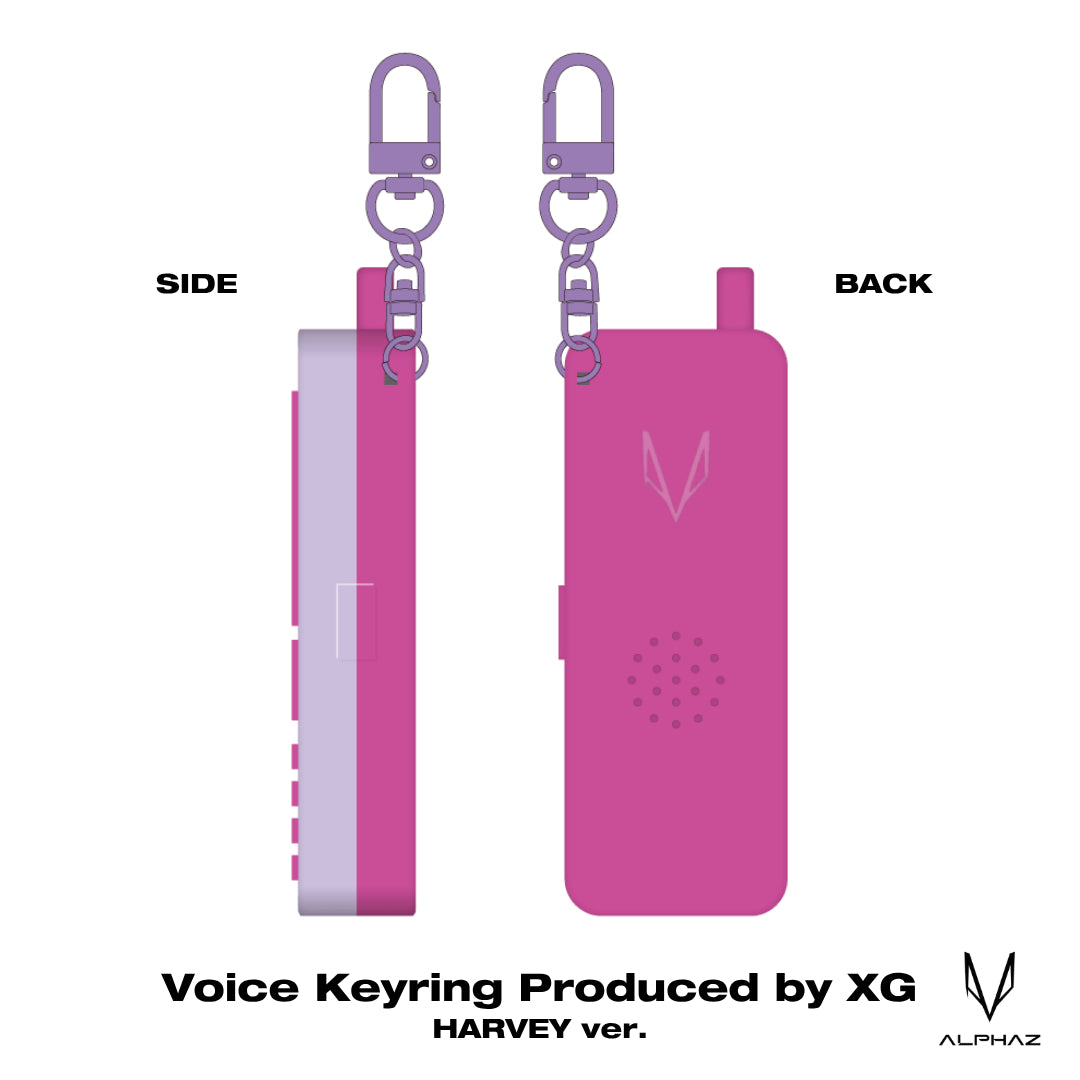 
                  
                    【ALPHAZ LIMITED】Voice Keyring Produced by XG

————

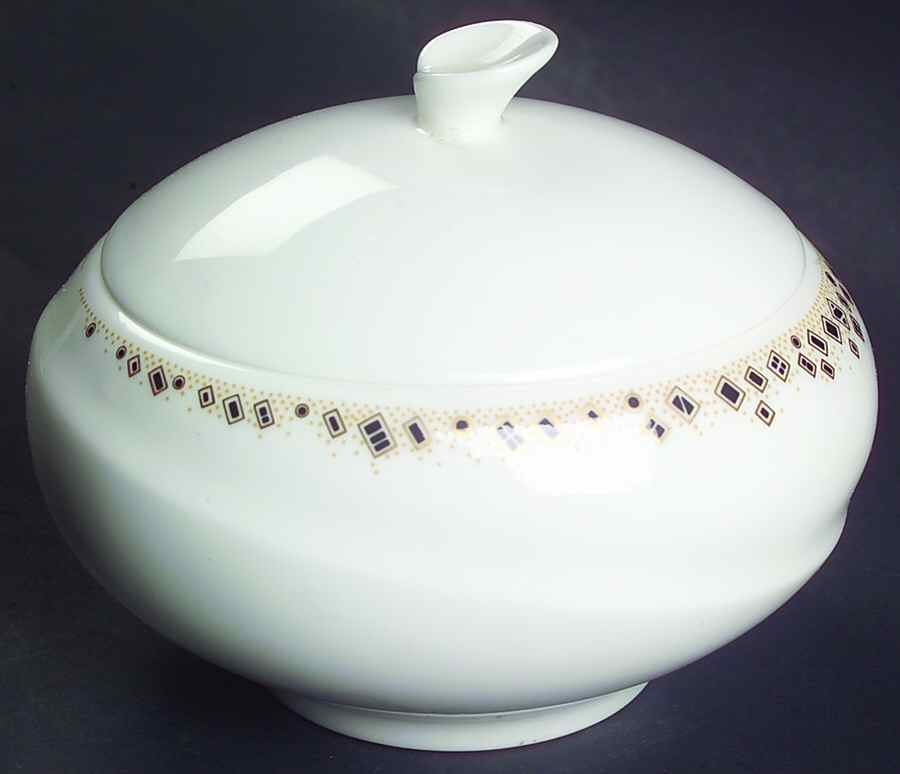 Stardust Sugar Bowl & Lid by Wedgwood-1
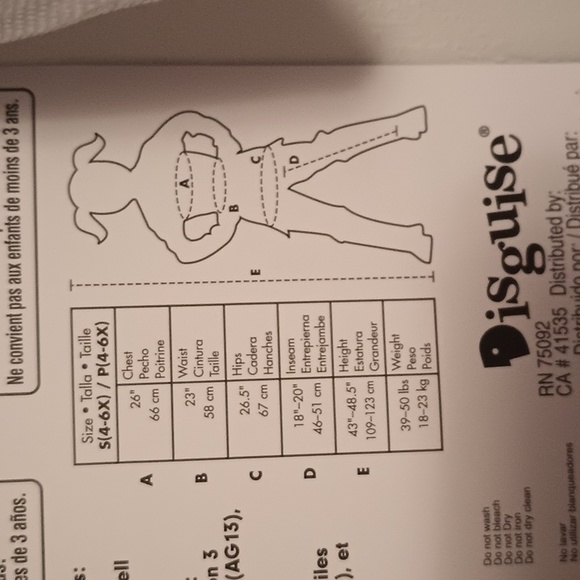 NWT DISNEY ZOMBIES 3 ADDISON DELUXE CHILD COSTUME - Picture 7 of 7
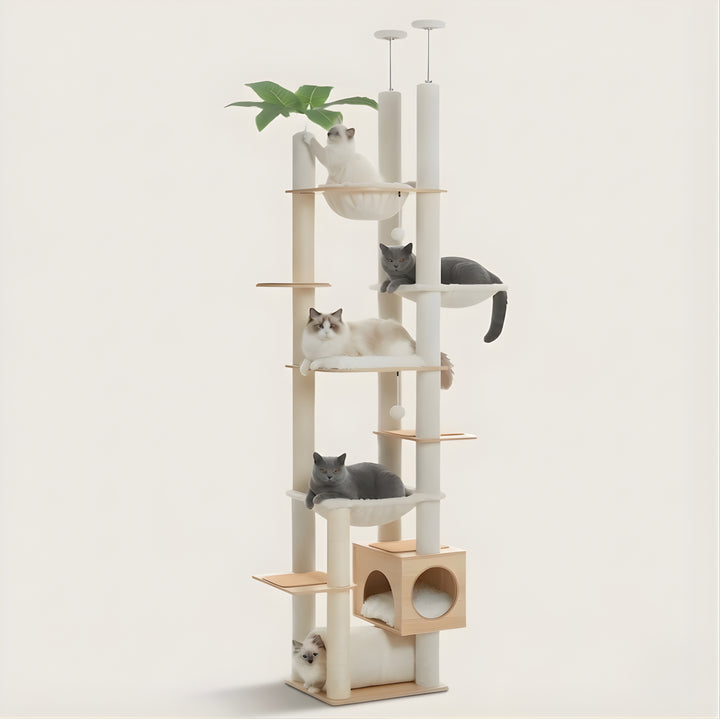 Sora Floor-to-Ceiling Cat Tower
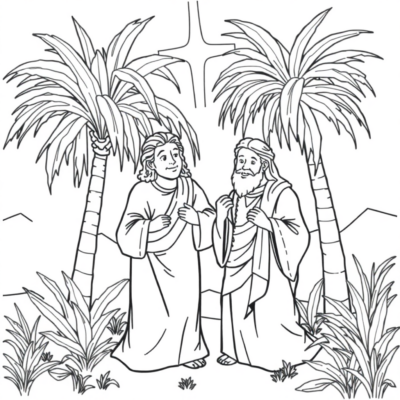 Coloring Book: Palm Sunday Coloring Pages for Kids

————

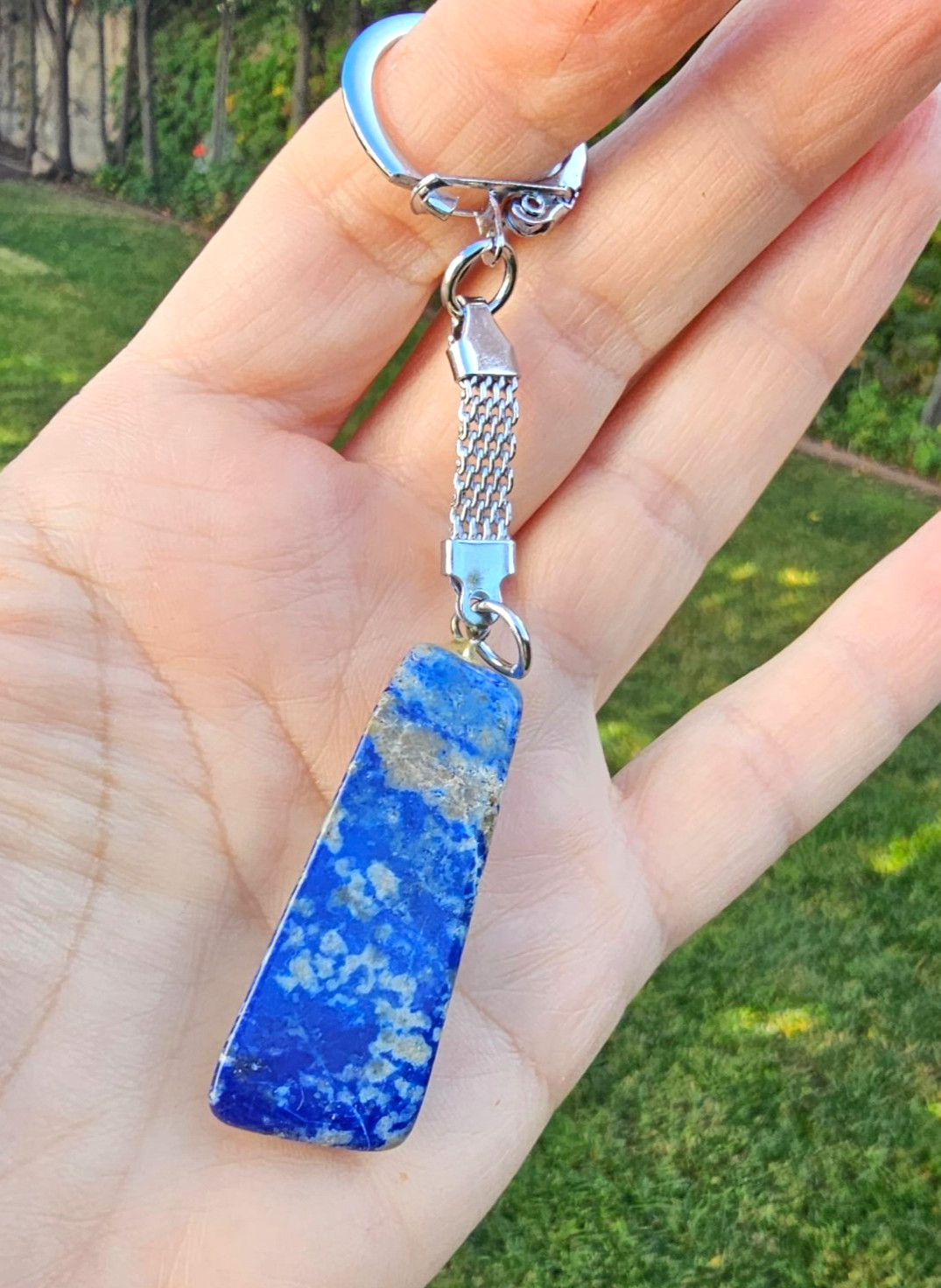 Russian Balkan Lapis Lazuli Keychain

————

■ **WHAT TO DO**
Transcribe, word for word, the stretch of lines in the data above from the one with "Stardust Sugar Bowl & Lid by Wedgwood-1" through the one with "Coloring Book: Palm"; omit all pictures.

■ **FINISHED EXERCISE**
 Stardust Sugar Bowl & Lid by Wedgwood-1
 NWT DISNEY ZOMBIES 3 ADDISON DELUXE CHILD COSTUME - Picture 7 of 7
 Sora Floor-to-Ceiling Cat Tower
 Coloring Book: Palm Sunday Coloring Pages for Kids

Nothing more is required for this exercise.